2. The cleaning apparatus according to claim 1, wherein an abnormality of the first cleaning tool is detected based on the displacement of the first cleaning tool measured by the first displacement meter, and an abnormality of the second cleaning tool is detected based on the displacement of the second cleaning tool measured by the second displacement meter.

3. Based on the displacement of the first cleaning tool detected by the first displacement meter, the contact of the first cleaning tool with the surface is detected, The cleaning apparatus according to claim 2, wherein the contact of the second cleaning tool with the back surface is detected based on the displacement of the second cleaning tool detected by the second displacement meter.

4. The cleaning apparatus according to claim 3, further comprising an alarm unit that issues an alarm if contact between at least one of the first cleaning tool and the second cleaning tool is not detected during cleaning of the wafer.
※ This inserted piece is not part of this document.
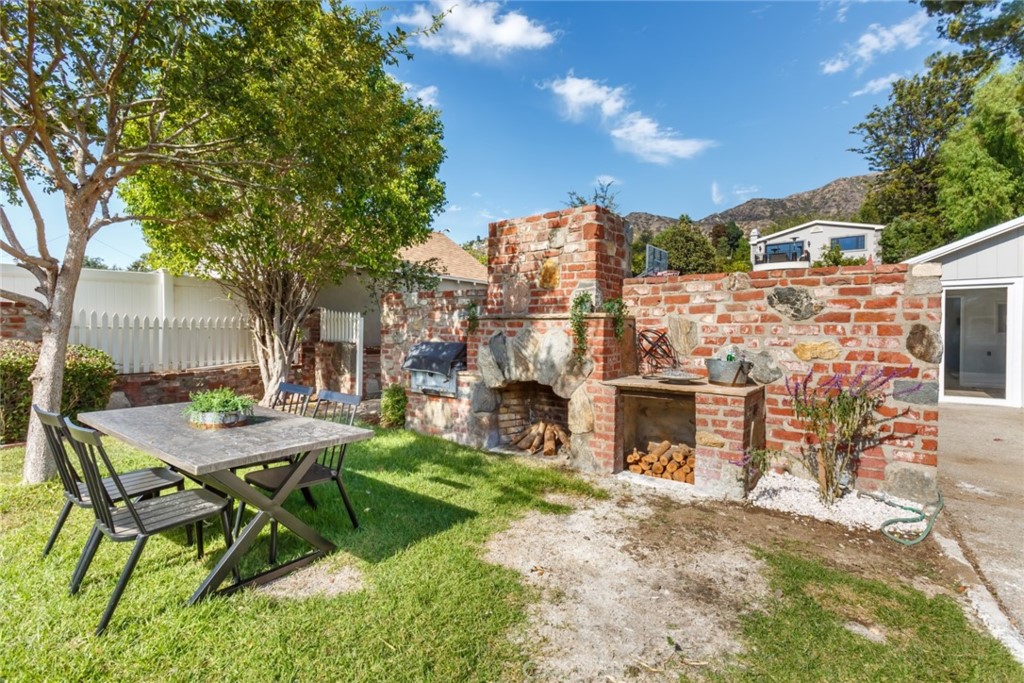 2091 West Mountain Street Glendale, CA 91201 - Photo 50 of 60 a view of a house with backyard and sitting area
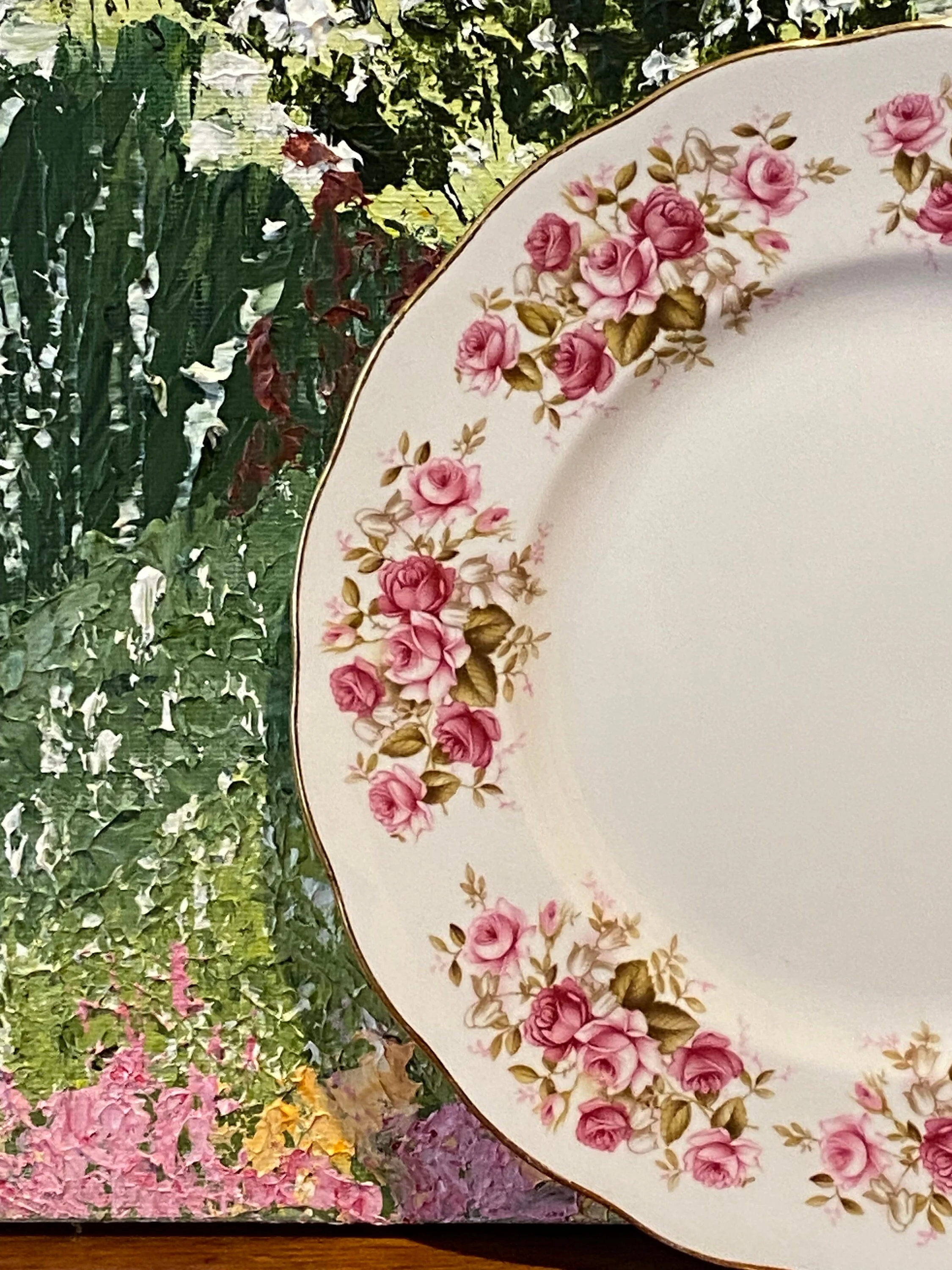 Angled side view showing pink rose pattern and scalloped edge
5. A method for cleaning a wafer using the cleaning apparatus described in claim 1, A support step in which the outer edge of the wafer is supported by a plurality of support parts, A cleaning step in which the surface side of the wafer supported by the plurality of support parts is cleaned with a first cleaning tool and the back side of the wafer is cleaned with a second cleaning tool, A cleaning method comprising a displacement detection step of detecting the displacement of the first cleaning tool relative to the first arm and the displacement of the second cleaning tool relative to the second arm.

6. The cleaning method according to claim 5, further comprising: a determination step of determining whether the first cleaning tool and the second cleaning tool are normal or abnormal based on the displacement of the first cleaning tool and the displacement of the second cleaning tool detected in the displacement detection step.

7. The displacement detection step and the determination step are performed simultaneously with the cleaning step. In this determination step, the contact of the first cleaning tool with the surface side is detected based on the displacement of the first cleaning tool, and the contact of the second cleaning tool with the back side is detected based on the displacement of the second cleaning tool. The cleaning method according to claim 6, further comprising an alarm step of issuing an alarm if contact between at least one of the first cleaning tool and the second cleaning tool is not detected during the cleaning step.